# Maxima Fog Lamps



## Colfetski (Feb 17, 2005)

I want to get new fog lamps for my '94 Maxima as one of them is busted. It always seems odd to me that car manufacturers make fog lights white, as this isn't a good colour for penetrating fog (see here for an explaination --> http://www.newton.dep.anl.gov/askasci/phy99/phy99xx4.htm ).

So, I want to put new non-standard yellow fog lamps on the car, such as these --> http://www.grote.com/cgi-bin/product.cgi?product_number=64003-5 but, I'm don't really want to have to go to a lot of re-wiring trouble. Ideally, I'd splice these onto the old fog lamps leads. Trouble is, I can't find out what the wattage and voltage is for the standard '94 Maxima GLE fog lamps is.

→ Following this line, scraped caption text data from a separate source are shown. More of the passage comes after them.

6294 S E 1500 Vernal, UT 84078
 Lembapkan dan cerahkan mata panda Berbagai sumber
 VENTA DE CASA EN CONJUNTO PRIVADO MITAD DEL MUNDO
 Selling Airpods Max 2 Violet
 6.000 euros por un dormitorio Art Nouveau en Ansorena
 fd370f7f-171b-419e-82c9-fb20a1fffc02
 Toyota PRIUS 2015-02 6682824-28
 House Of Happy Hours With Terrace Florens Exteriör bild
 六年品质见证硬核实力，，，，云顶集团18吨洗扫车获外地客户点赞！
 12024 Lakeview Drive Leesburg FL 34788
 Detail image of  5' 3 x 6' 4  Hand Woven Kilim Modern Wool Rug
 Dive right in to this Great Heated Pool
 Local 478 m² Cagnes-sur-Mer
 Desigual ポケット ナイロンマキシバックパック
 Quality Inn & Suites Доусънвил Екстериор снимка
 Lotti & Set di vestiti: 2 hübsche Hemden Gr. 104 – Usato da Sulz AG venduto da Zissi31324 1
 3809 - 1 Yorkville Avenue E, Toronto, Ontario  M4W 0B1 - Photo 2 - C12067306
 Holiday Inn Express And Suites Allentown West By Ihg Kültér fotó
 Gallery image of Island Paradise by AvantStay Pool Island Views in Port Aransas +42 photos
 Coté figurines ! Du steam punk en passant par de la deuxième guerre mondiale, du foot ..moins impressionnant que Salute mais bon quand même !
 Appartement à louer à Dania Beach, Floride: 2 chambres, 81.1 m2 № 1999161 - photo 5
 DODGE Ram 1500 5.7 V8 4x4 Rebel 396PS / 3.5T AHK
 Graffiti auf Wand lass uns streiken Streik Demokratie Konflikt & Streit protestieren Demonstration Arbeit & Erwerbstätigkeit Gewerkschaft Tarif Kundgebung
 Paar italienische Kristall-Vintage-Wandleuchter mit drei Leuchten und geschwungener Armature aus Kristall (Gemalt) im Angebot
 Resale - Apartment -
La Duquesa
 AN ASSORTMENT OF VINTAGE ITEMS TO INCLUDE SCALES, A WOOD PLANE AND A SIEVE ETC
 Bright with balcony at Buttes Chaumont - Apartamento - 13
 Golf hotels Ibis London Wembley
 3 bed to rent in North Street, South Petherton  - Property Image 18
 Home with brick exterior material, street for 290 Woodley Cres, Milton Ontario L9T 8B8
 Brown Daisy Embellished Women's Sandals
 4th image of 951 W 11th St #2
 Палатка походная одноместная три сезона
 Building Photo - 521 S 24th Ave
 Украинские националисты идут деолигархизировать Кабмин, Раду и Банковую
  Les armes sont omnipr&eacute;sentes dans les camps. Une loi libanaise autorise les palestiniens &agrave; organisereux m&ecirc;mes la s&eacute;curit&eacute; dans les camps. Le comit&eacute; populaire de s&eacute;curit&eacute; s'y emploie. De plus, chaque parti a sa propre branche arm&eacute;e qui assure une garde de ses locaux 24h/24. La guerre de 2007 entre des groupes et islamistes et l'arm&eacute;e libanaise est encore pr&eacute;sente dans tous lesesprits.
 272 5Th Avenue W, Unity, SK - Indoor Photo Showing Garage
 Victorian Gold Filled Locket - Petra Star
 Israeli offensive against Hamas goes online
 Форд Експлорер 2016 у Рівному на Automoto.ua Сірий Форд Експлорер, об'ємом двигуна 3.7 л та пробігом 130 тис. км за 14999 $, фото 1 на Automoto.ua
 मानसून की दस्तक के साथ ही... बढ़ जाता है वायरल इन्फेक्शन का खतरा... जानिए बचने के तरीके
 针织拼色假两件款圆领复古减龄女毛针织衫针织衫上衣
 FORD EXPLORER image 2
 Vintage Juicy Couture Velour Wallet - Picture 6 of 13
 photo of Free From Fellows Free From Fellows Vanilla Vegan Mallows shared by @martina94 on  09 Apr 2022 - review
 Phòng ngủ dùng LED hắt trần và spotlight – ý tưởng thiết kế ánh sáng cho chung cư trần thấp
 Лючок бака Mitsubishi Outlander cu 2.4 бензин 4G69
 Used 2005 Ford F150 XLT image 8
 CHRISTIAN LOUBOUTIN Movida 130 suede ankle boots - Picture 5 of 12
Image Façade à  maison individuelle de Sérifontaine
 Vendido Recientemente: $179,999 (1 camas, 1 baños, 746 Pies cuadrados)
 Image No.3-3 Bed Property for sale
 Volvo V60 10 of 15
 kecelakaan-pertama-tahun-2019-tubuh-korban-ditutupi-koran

Any clues as to where to find this kind of info?


----------



## 1SweetRide (Feb 2, 2005)

Don't know about wattage.I just went ahead and wired up
some aftermarket ones. I belive they are 65 watts.
I wouldn't worry too much if your replacing them.
Factory lights are already switched and fused. Just don't
get too much watts going especially if your running a 
stero system


----------



## Matt93SE (Sep 17, 2003)

Standard H3 bulbs are what your foglights use. I think they're 65W or so. you should be good as long as you keep them under 90 W per side.. just splice the wires in and you're good to go.


----------



## Colfetski (Feb 17, 2005)

Thanks for the Advise, I'll go ahead and see how it turns out. If its a complete disaster, I'll post about where things went wrong.


----------